Gordon Brice

Personal information
- Full name: Gordon Harry Joseph Brice
- Date of birth: 4 May 1924
- Place of birth: Bedford, England
- Date of death: 3 March 2003 (aged 78)
- Place of death: Bedford, England
- Position(s): Centre-half

Youth career
- Bedford St. Clement's

Senior career*
- Years: Team / Apps / (Gls)
- 1946–1947: Luton Town / 13 / (0)
- 1947–1948: Wolverhampton Wanderers / 12 / (0)
- 1948–1953: Reading / 198 / (9)
- 1953–1956: Fulham / 87 / (1)
- 1956–1957: Ayr United / 20 / (0)
- Total:  / 330 / (10)

= Gordon Brice =

English cricketer and footballer

Gordon Harry Joseph Brice (4 May 1924 – 3 March 2003) was an English footballer and first class cricketer. He variously played football for Luton Town, Wolverhampton Wanderers, Reading, Fulham and Ayr United. During the football off season he played first class cricket for Northamptonshire.

==Life==

Brice was born in Bedford on 4 May 1924 and educated at Bedford Modern School. In his last year at school he was Captain of five sports: boxing, fives, athletics, cricket and rugby.

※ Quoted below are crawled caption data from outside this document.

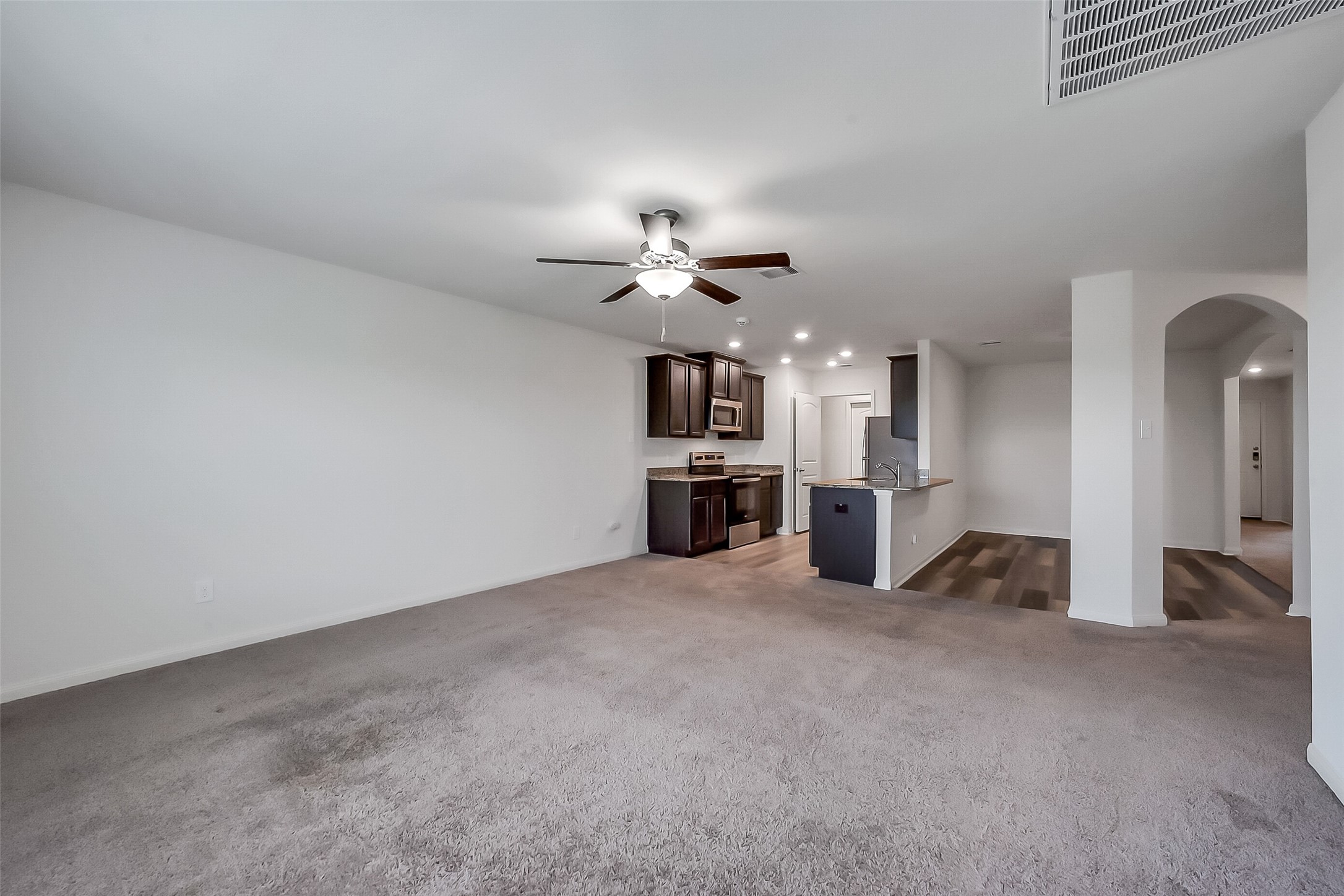 8430 Longshore Slope Road Property Photo 7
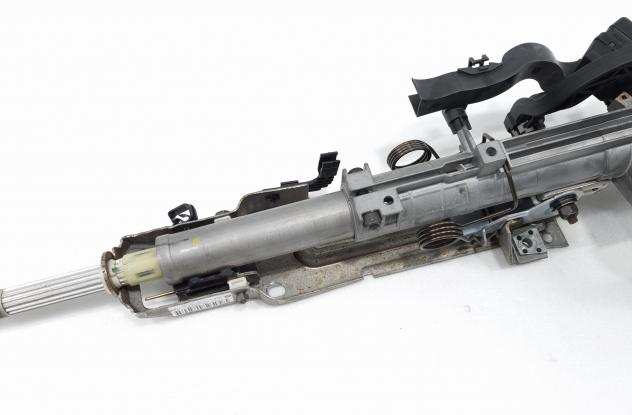 CANNA DELLO STERZO (PIANTONE) BMW X3 1deg Serie M47 D20 (204D4) (0410)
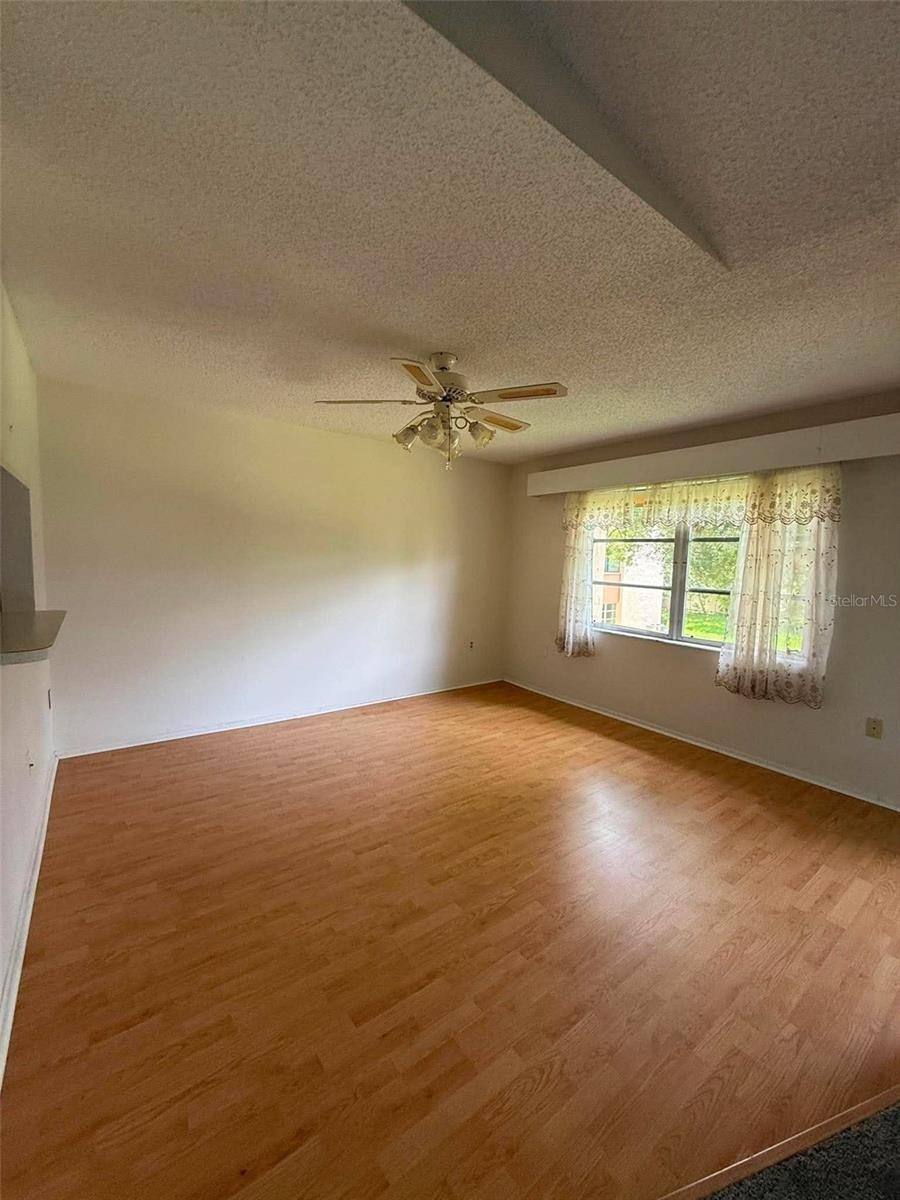 2536 CLUBHOUSE CIR #202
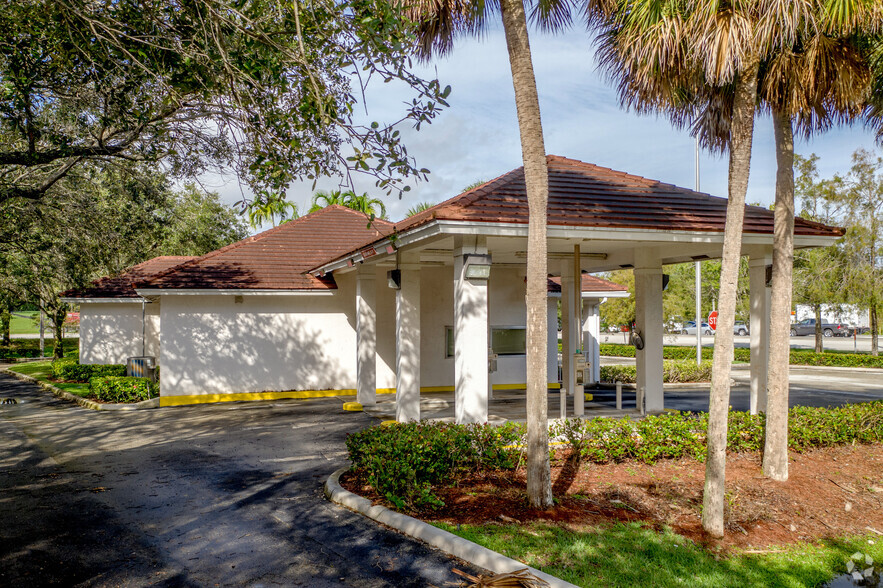 12396 W Sunrise Blvd, Plantation, FL for rent - Building Photo - Image 3 of 8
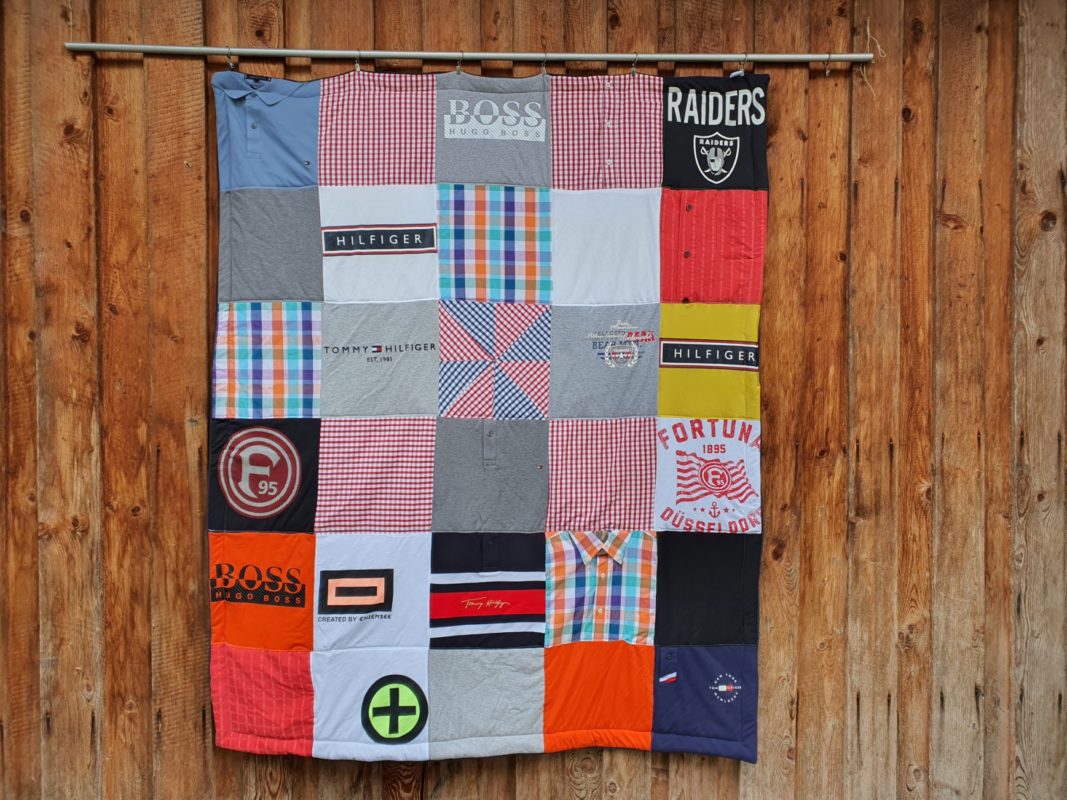 Patchworkdecke aus Kleidung Verstorbener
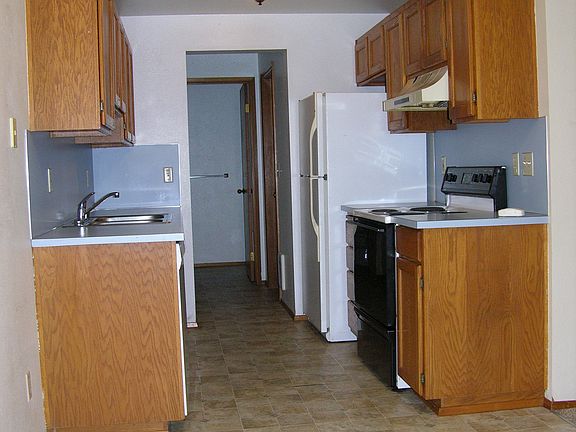 3rd image of 4879 Lovely Ln SE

After school Brice signed with Luton Town but his time there was cut short by World War II when he joined the Royal Marines, training for nine months at the Royal Marine Barracks, Chatham. After Chatham he served on a warship in South America and Africa but never encountered armed conflict.

After war service he rejoined Luton Town but soon moved to Wolverhampton Wanderers, in 1945, and later Reading during the 1946/47 season. Between 1948 and 1953 he played 198 games for Reading predominantly at centre-half and scoring nine goals. He held the record of playing 148 consecutive appearances for Reading until that record was beaten by Steve Death.

Brice later joined Fulham in 1953, before retiring in 1956 and moving to Ayr where he ran a hotel and made some appearances for Ayr United. In 1961 he moved back to his hometown of Bedford, where he established a building company, later moving to Alicante in Spain in 1981.

During the football off season, Brice appeared in 25 first-class matches as a righthanded batsman who bowled right arm fast medium. He scored 412 runs with a highest score of 82 not out and took 72 wickets with a best performance of eight for 124.

Brice married twice and died in Bedford in March 2003.